Es ist bekannt, dass aus Kostengründen kaum Regionalprogramme der privaten Anbieter gesendet werden. Wo haben wir denn diese Regionalprogramme? Insofern ist zu fragen, ob durch diese Regelung Medienkonzentration verringert und Medienvielfalt gefördert wird. Das darf zumindest bezweifelt werden. Und jetzt stellen Sie sich vor regionale Fenster bei Privaten! Wenn die genauso platt sind wie manch andere Sendungen bei Privaten,
dann haben wir natürlich auch nichts gewonnen. Das könnte dann noch platter werden.
Also ich sag’s nur, nur eine Frage.
Grundsätzlich gilt, in der Medienpolitik dürfen wir das Regionale nicht einer globalisierten Medienpolitik opfern. Bei aller Konzentration, effizienter zu sein, muss es ein starkes regionales Element geben, auch für MecklenburgVorpommern. Denn wir sind das Land, das noch die meisten privaten Sender sieht. Also, die Öffentlich-Rechtlichen werden ja mehr im Süden gesehen und dann geht es in den Norden, also deppenmäßiger zurück,
kann man fast sagen, weil die guten Sender werden da nicht gesehen und im Osten wird es noch weniger. Also Mecklenburg-Vorpommern ist der Bereich, wo noch am allerwenigsten ZDF gesehen wird. Und hier muss – was beim NDR positiv gesagt wird, Regionalfenster, zum Beispiel beim Niederdeutschen, das würde ich mir bei anderen auch wünschen – die regionale Identität mehr gefördert werden.
Genau. Ein bisschen was Lustiges, dann wird es auch mal spannender im Land und nicht immer so trist.
Zweitens, die Förderung des digitalen terrestrischen Fernsehens: Hier geht es im Wesentlichen darum, den öffentlich-rechtlichen und den privaten Fernsehveranstaltern die Möglichkeit zu geben, die analoge terrestrische Verbreitung schrittweise einzustellen. Hier bleibt zu hoffen, dass davon nicht nur geredet wird, sondern ein effizienter Umstieg von analoger auf digitale Übertragung umgesetzt wird.
Dabei muss Folgendes konstruktiv überlegt werden:
a) Welches Einstiegsszenario wählen wir für die Einführung des digitalen Fernsehens?

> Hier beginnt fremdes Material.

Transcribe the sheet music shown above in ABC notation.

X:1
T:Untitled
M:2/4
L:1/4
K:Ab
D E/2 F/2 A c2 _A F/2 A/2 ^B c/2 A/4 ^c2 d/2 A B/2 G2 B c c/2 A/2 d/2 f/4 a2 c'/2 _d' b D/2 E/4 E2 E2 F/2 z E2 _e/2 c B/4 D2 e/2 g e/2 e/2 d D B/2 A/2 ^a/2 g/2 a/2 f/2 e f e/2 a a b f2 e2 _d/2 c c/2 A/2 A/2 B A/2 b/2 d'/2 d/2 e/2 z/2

b) Wie lange müssen analoges und digitales Fernsehen parallel laufen und ist dies eventuell gesetzlich zu regeln?
Durch die massiven Umwälzungen der Medienmärkte, verbunden mit immer neuen zukunftsweisenden technischen Erfindungen, entsteht ein schwieriges Spannungsverhältnis. Der Staat sollte die Entwicklung neuer technischer Möglichkeiten befördern und die Vorgänge natürlich nicht kaputtregeln. Es gilt aber andererseits, wirtschaftliche Machtpositionen vor allem unter dem Gesichtspunkt der Meinungsvielfalt zu kontrollieren. Deshalb ist Machtkontrolle dort notwendig, wo neue Technologien und Dienste nicht von Anfang an unter Wettbewerbsbedingungen stehen.
Hier sei zumindest die Anfrage gestattet, ob die Medienaufsicht in Deutschland derzeit auf die massiven Umwälzungen der Medienmärkte adäquat vorbereitet ist. Ich wage, dieses zu bezweifeln, auch wenn ein Bemühen beim Sechsten Rundfunkänderungsstaatsvertrag erkennbar ist.

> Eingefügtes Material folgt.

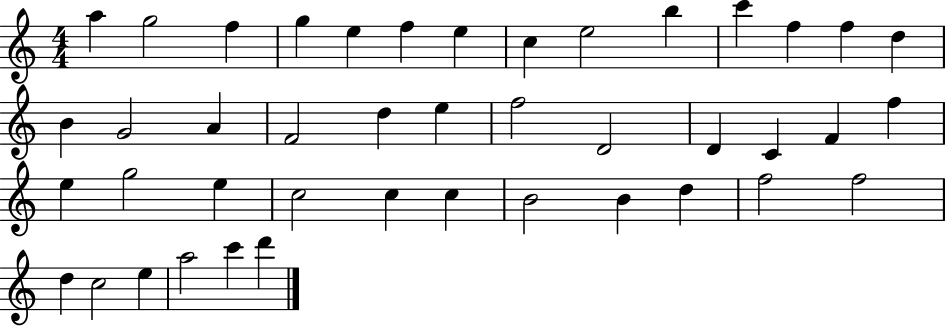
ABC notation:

X:1
T:Untitled
M:4/4
L:1/4
K:C
a g2 f g e f e c e2 b c' f f d B G2 A F2 d e f2 D2 D C F f e g2 e c2 c c B2 B d f2 f2 d c2 e a2 c' d'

Lassen Sie mich drittens was zur Information der Landtage sagen. Die Verbesserung der Information der Landtage über die wirtschaftliche und finanzielle Lage der öffentlichrechtlichen Rundfunkanstalten ist positiv zu vermerken. Sie ist ja mit dem letzten Rundfunkänderungsstaatsvertrag gefordert worden und hier sind uns die Länderregierungen entgegengekommen. Und das ist gut so.

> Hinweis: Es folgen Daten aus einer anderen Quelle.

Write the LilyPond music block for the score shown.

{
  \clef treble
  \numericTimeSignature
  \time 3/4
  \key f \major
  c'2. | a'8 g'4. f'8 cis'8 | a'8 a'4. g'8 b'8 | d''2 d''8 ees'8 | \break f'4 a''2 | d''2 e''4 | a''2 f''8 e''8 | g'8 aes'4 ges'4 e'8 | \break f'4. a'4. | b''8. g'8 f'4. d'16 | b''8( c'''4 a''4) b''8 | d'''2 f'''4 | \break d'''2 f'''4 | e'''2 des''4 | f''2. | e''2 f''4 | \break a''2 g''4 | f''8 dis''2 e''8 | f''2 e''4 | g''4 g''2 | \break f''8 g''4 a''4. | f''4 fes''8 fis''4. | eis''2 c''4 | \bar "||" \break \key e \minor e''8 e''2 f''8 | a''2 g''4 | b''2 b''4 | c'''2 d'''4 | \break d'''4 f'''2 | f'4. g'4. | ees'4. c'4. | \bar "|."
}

In diesem Zusammenhang sollten wir darauf achten, dass wir übersichtlich aufbereitetes Zahlenmaterial erhalten, denn die Bürgerinnen und Bürger haben ein gutes Recht zu erfahren, was mit den Gebührengeldern passiert. Das heißt, die Information der Länderparlamente stärkt die demokratische Kontrolle. Eine wie auch immer definierte Selbstbedienungsmentalität darf es nicht geben. Hier hatte ich noch kritische Anmerkungen. Dann wurde ich jedoch von Beamten gewarnt: Sag ja nicht zu viel jetzt! Dann kriegst du Ärger im Wahljahr.
Aber die Adressaten wissen, was ich damit meine.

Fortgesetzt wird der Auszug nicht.